The latter injury was nowhere near as severe as that sickening blow at Ewood Park, but when one considers the cumulative effect on a player who relies so heavily on physical power, it's a near-miracle that Cisse has continued to appear at the top level. "I know that, technically, I'm not the most gifted," he told French magazine So Foot in a recent interview. "But in terms of striking the ball and in terms of speed, I know what I'm doing."
The latter of those attributes has sometimes seemed like halfway between a blessing and a curse. Cisse's pace encouraged Benitez to use him on the wing, and the situation recurred many years later after his move to Rome, when Lazio coach Edy Reja decided to deploy his man out wide.
"I'd obviously have preferred to play in a front two, with Miro Klose," he told So Foot. "But the coach wanted me to play wide, and put crosses in. I was creating goals, and so it proved him right. The only problem was that I don't play football to make decisive passes. When you're a centre-forward, you need goals. It's as simple as that."

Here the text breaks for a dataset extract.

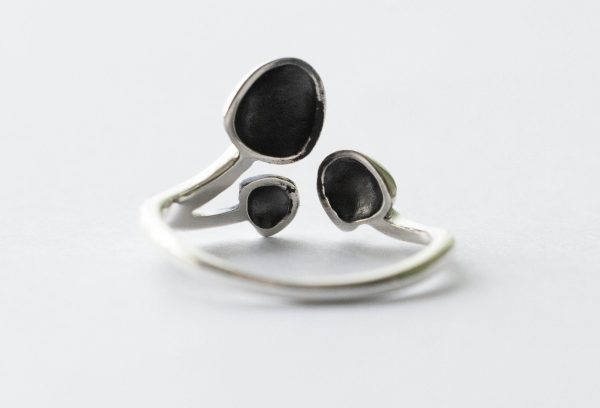 925 Sterling Silver Three Mushroom Adjustable Ring - Image 2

Cisse had piled up plenty -- 55, to be exact -- in the two seasons before arriving at the Stadio Olimpico, spent with Panathinaikos. Armed with their French spearhead, The Greens won the Greek Super League for the first time in six years in 2010, breaking the perennial stranglehold of Olympiakos on the division on their way to sealing a glorious league and cup double.
This was a period in which Cisse returned to his very best. Even those who saw him as a flat-track bully in a second-class competition were forced to admit he had his swagger back, notably when Pana defeated Roma on their own patch in a thrilling Europa League tie. Then-France coach Raymond Domenech was swayed, recalling Cisse to his squad in March 2010, with the striker winning a squad place for the ill-fated World Cup that summer.

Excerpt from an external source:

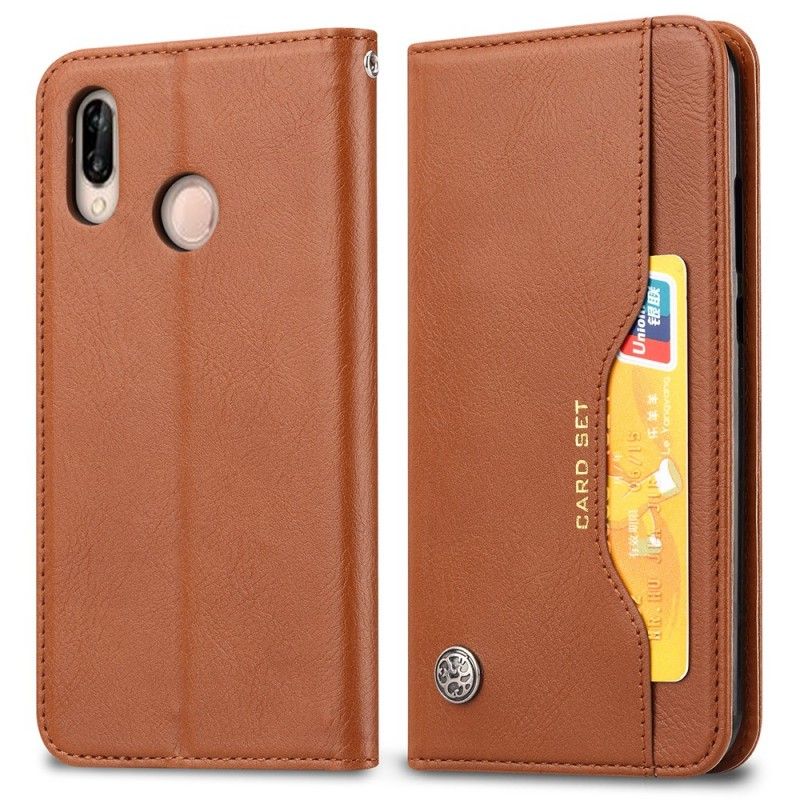 Flip Cover Huawei P30 Lite Simili Cuir Porte-cartes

It is his previous resurrection in Athens that has inspired the move to Russia now. Cisse believes -- not unreasonably -- that visibility in European competition with Kuban, and scoring goals in that environment, is the only way he has any hope of catching Didier Deschamps' attention. It is an admirable, if devoutly optimistic, point of view, but making a dent in the Europa League is important to him.
Cisse has other reasons to relish this return to British shores. His heart-on-sleeve style always appeared perfectly forged for the Premier League, and he adapted well on a personal level too, meeting his English (now-former) wife during his time at Liverpool, also the mother of his three youngest children. England was also where he famously acquired the title Lord of the Manor of Frodsham on purchasing his country estate in the north-west -- he subsequently garnered plaudits from animal rights groups by banning the Cheshire Forest Hunt from riding on his land.
His best is not so far in the past. While Premier League fans' most recent memory of Cisse might be of Harry Redknapp preferring to go without a senior striker than persevere with him -- then sending him out on loan to Al-Gharafa in Qatar -- the Frenchman's immediate impact at Loftus Road should not be forgotten. His six goals in eight games ultimately helped QPR stay up in 2011-12.
It has not been plain sailing for Cisse in Russia, as he dips in and out of a starting line-up rocked by the rapid sacking of coach Dorinel Munteanu, and arriving in Wales from a defeat at Dinamo Moscow that saw Kuban finish with nine men. Yet if Kuban can absorb their French striker's penchant for the unlikely comeback, Swansea could yet encounter a few bumps on the road to qualification for the knockout rounds.